Though use 0.0/0.1 have same {base, step}, but there are in different program
point, so if iv_cand is increased before use 0.0, the first use is transformed
into: MEM[var_before, 0], and use 0.1 will be transformed into: MEM[var_after,
-8].  Now the two memory reference have different expressions, though access to
the same object.  Afterwards, DOM failed to CSE them.

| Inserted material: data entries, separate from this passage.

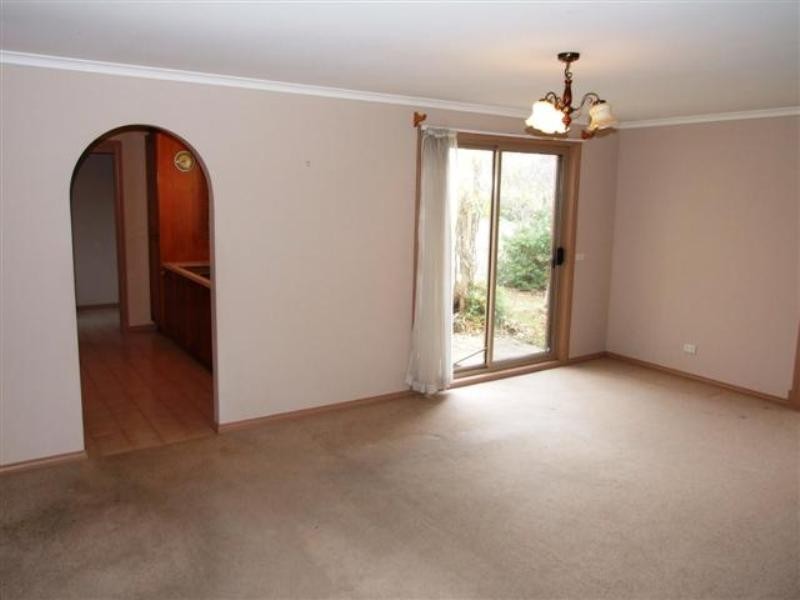 1/5 Wyndham Avenue, Cowes VIC 3922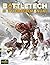 Battletech: Battlemech Manual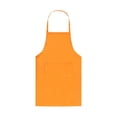 thumbnail image 4 of Birdeem Apron Aprons for Cooking Server Apron Chef Apron Apron Women Kitchen Apron Waitress Apron Cooking Apron Cooking Aprons for Women Aprons for Women Aprons for Men Apron Work Apron Kitchen Food W, 4 of 5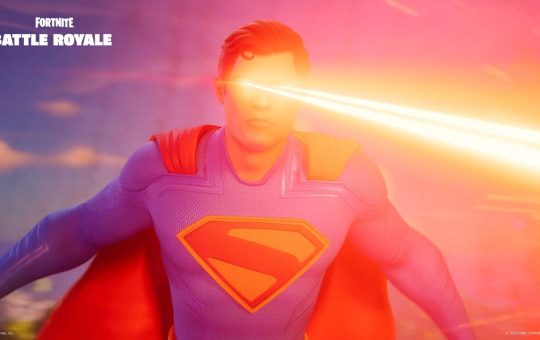4538138-supermanlasereyes.jpg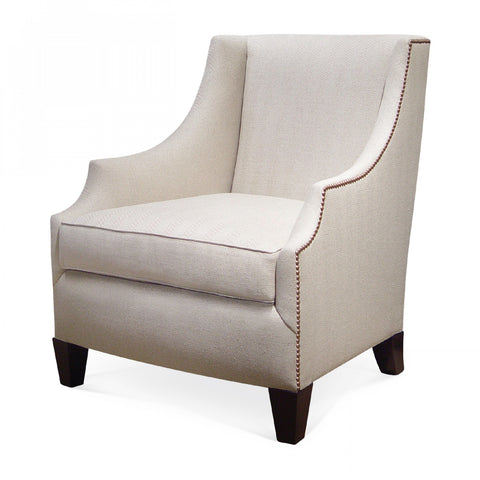 Murre Lounge Chair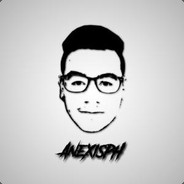 anexisph
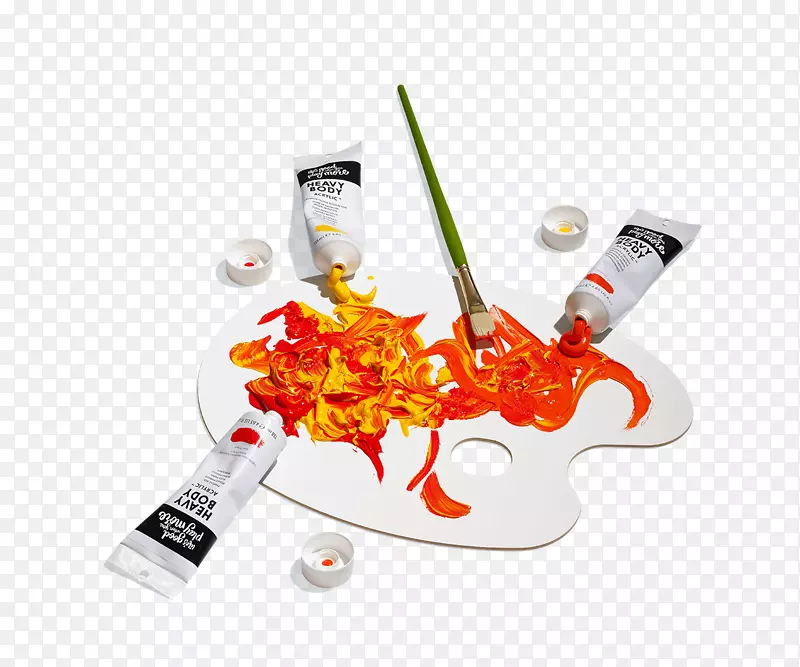 �;�.���-������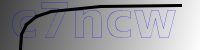 captcha verification
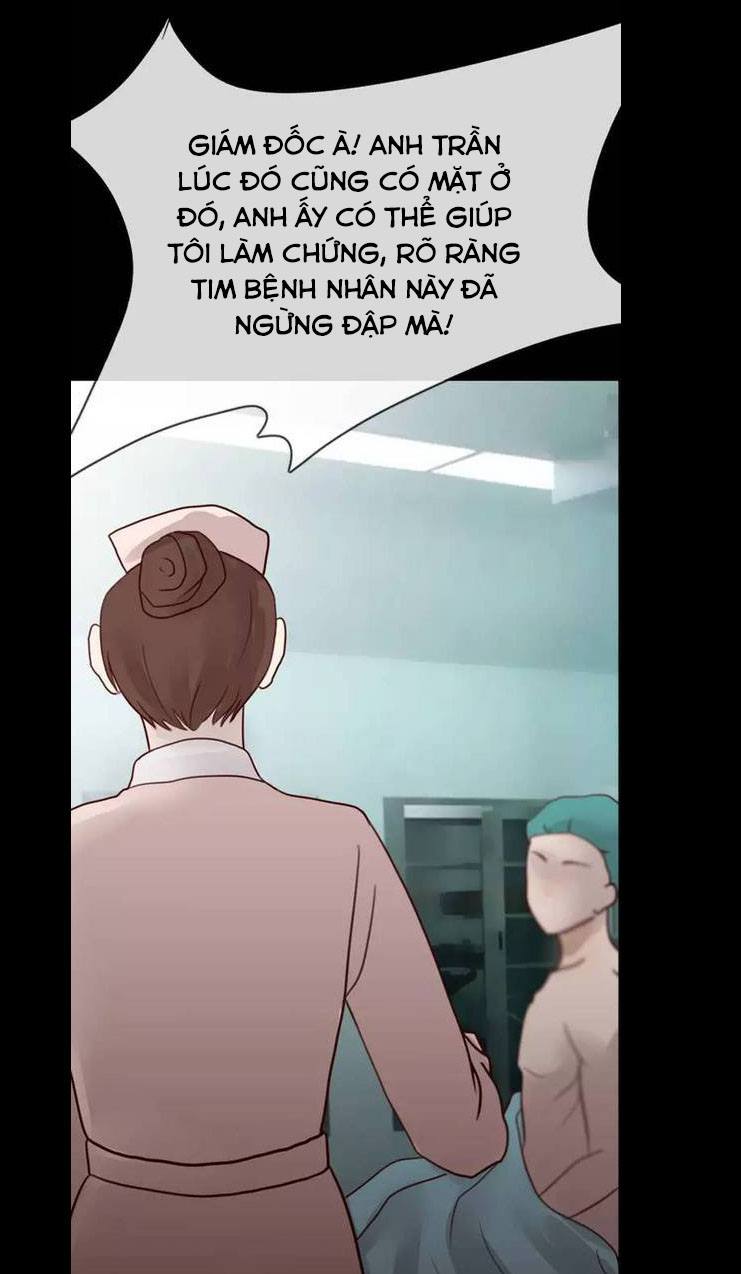 tấm da người chapter 2 51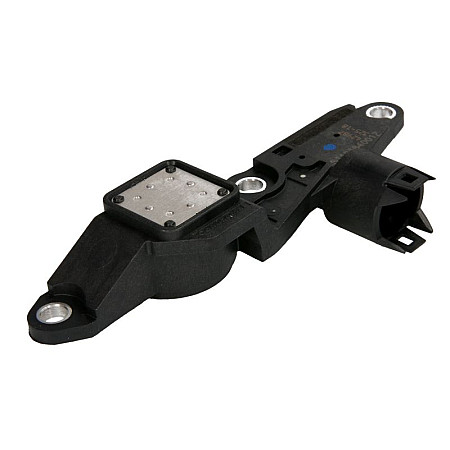 Senzor, ax excentric (cursa supapa variabila) Senzor pozitie arbore cotit  BMW 1 E81 1 E82 1 E87 1 E88 3 E46 3 E90 3 E91 5 E60 X1 E84 X3 E83 Z4 E85 1.8/2.0 03.01-06.15 VDO S119564001Z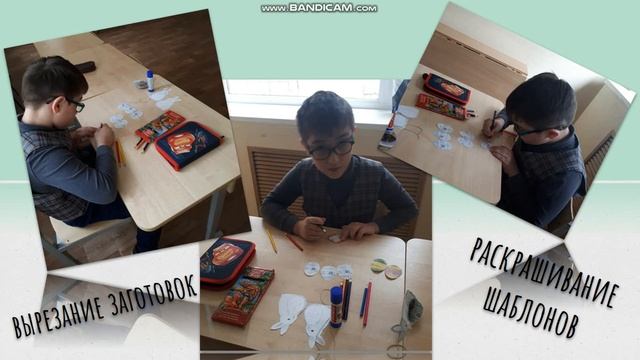 5601ec451ce141408df57552c61b920f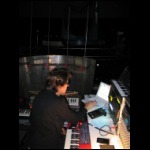 PlaBo-07-Udo--25.jpg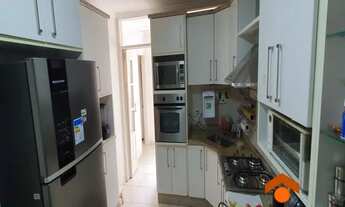 Imagem 7: Residencial - Cid Sao Francisco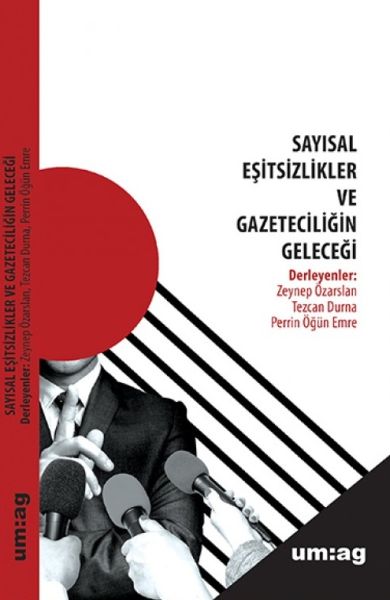 sayisal-esitsizlikler-ve-gazeteciligin-gelecegi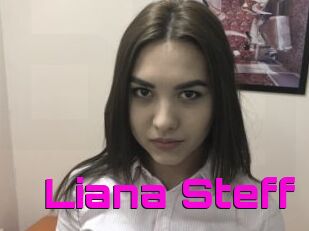 Liana_Steff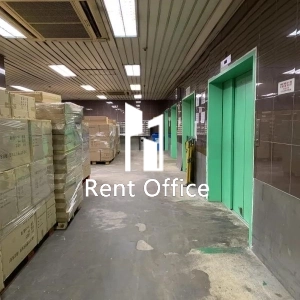 油塘工業城B座-6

It is hard to decide which sub iv_use we should compute the cost, and which one
we can skip computing the cost.  Maybe I should revert this part of code which
was introduced to save a small amount of compilation time.

[Bug tree-optimization/71347] [7 regression] Performance drop after r235513 on x86-64 in 32-bit mode.

2016-05-31 Thread rguenth at gcc dot gnu.org
https://gcc.gnu.org/bugzilla/show_bug.cgi?id=71347

Richard Biener  changed:

   What|Removed |Added

 CC||amker.cheng at gmail dot com
   Target Milestone|--- |7.0

[Bug tree-optimization/71347] [7 regression] Performance drop after r235513 on x86-64 in 32-bit mode.

2016-05-30 Thread ysrumyan at gmail dot com
https://gcc.gnu.org/bugzilla/show_bug.cgi?id=71347

--- Comment #1 from Yuri Rumyantsev  ---
Created attachment 38600
  --> https://gcc.gnu.org/bugzilla/attachment.cgi?id=38600&action=edit
test-case to reproduce

Need to be compiled with -O2 -m32 -march=slm -ffast-math options on x64-64.